The Department of Homeland Security appears to be moving ahead with a new immigrant detention facility to hold as many as 1,500 detainees in Chester, New York — just over an hour from New York City.
It’s part of the Trump administration’s push to ramp up mass arrests and deportations using cash from the One Big Beautiful Bill Act that Congress passed last year at the president’s behest.
In an online advisory posted on Jan. 8, DHS laid out its proposal “to purchase, occupy and rehabilitate a warehouse property at 29 Elizabeth Drive, Chester, NY in support of ICE operations,” including erecting a small new guard building.
The advisory, which was required because part of the 35.9 acre property sits in a flood plain, does not explicitly reference a jail. But The Washington Post reported last month about DHS’ plans for several new large-scale “processing facilities” for detainees, including one in Chester.
Those new facilities are intended to hold immigrant detainees for a few weeks, according to the Post, before they are sent to large-scale warehouses in Virginia, Texas, Louisiana, Arizona, Georgia and Missouri that will each hold between 5,000 and 10,000 people.
The presumed location of the Chester processing center was first identified by The Monroe Gazette.
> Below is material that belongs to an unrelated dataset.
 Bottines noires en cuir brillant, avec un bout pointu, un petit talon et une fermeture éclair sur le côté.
The property is owned by an LLC linked to former Trump Advisor Carl Ichan, according to the Albany Times-Union.
The likely lock-up has triggered protests and contentious community meetings in Orange County, where Congressmember Paul Ryan (D) is circulating a petition to attempt to block the facility.
Town of Chester Supervisor Brandon Holdridge said he was working with Ryan to “disincentivize this rogue, unlawful, and un-American agency from stepping foot in our town.”
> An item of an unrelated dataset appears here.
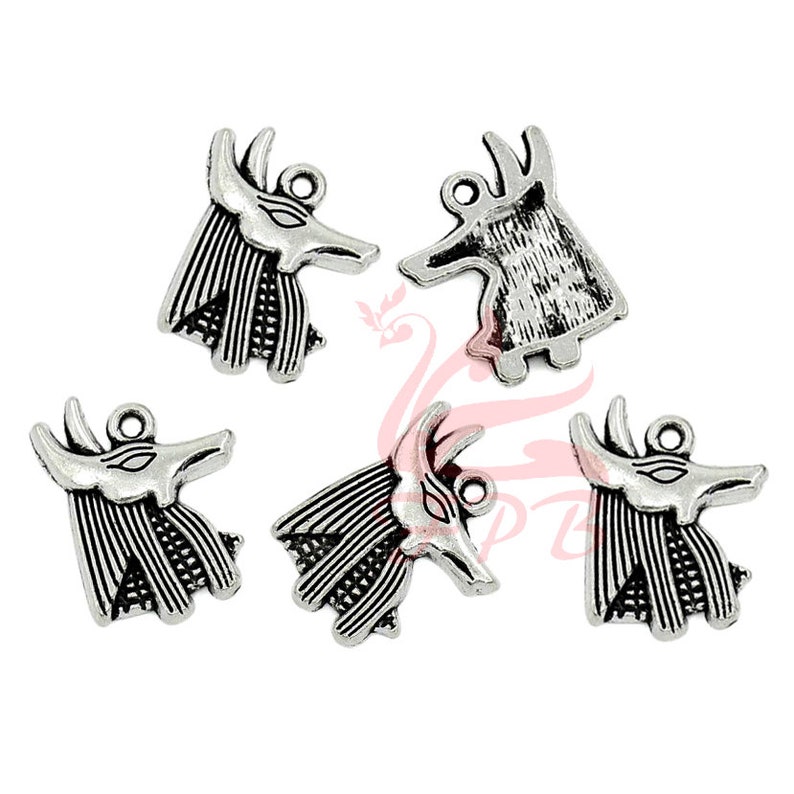 May include: Five silver-toned metal charms in the shape of an Anubis head. The charms have a detailed design and are perfect for jewelry making or crafting.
Asked about their plans for the Chester warehouse, a spokesperson for ICE declined to provide specifics.
“Every day, DHS is conducting law enforcement activities across the country to keep Americans safe,” a statement from an unnamed spokesperson read. “It should not come as news that ICE will be making arrests in states across the U.S. and is actively working to expand detention space.”
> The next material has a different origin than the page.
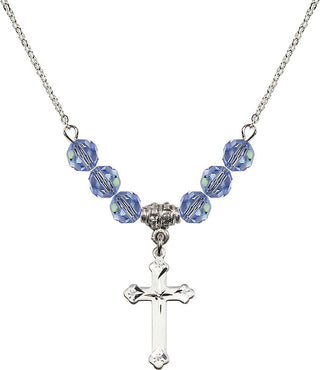 18" Rhodium Plated Necklace with 4mm Light Sapphire Crystal Beads featuring a Sterling Silver Cross Medal.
“These will not be warehouses — they will be very well structured detention facilities meeting our regular detention standards.”
Since Trump took office last year, ICE has opened a new 1,000 person facility in Newark called Delaney Hall, entering into new contracts with several upstate county jails to detain DOZENS more, while sending around 100 detainees at any given time to the Metropolitan Detention Center, a federal prison in Sunset Park, Brooklyn.
The Chester facility would continue this trend and further enable ICE’s efforts to make more arrests in the New York City area, said Rosa Cohen-Cruz, the director of Immigration Policy at Bronx Defenders.
“Any increase in local bed space for ICE detention enables ICE to be more aggressive in their raids and their enforcement tactics because they have beds to immediately put people,” she said. “So we’re extremely concerned that New York City residents, New York State residents will really be at heightened risk by this increase in capacity.”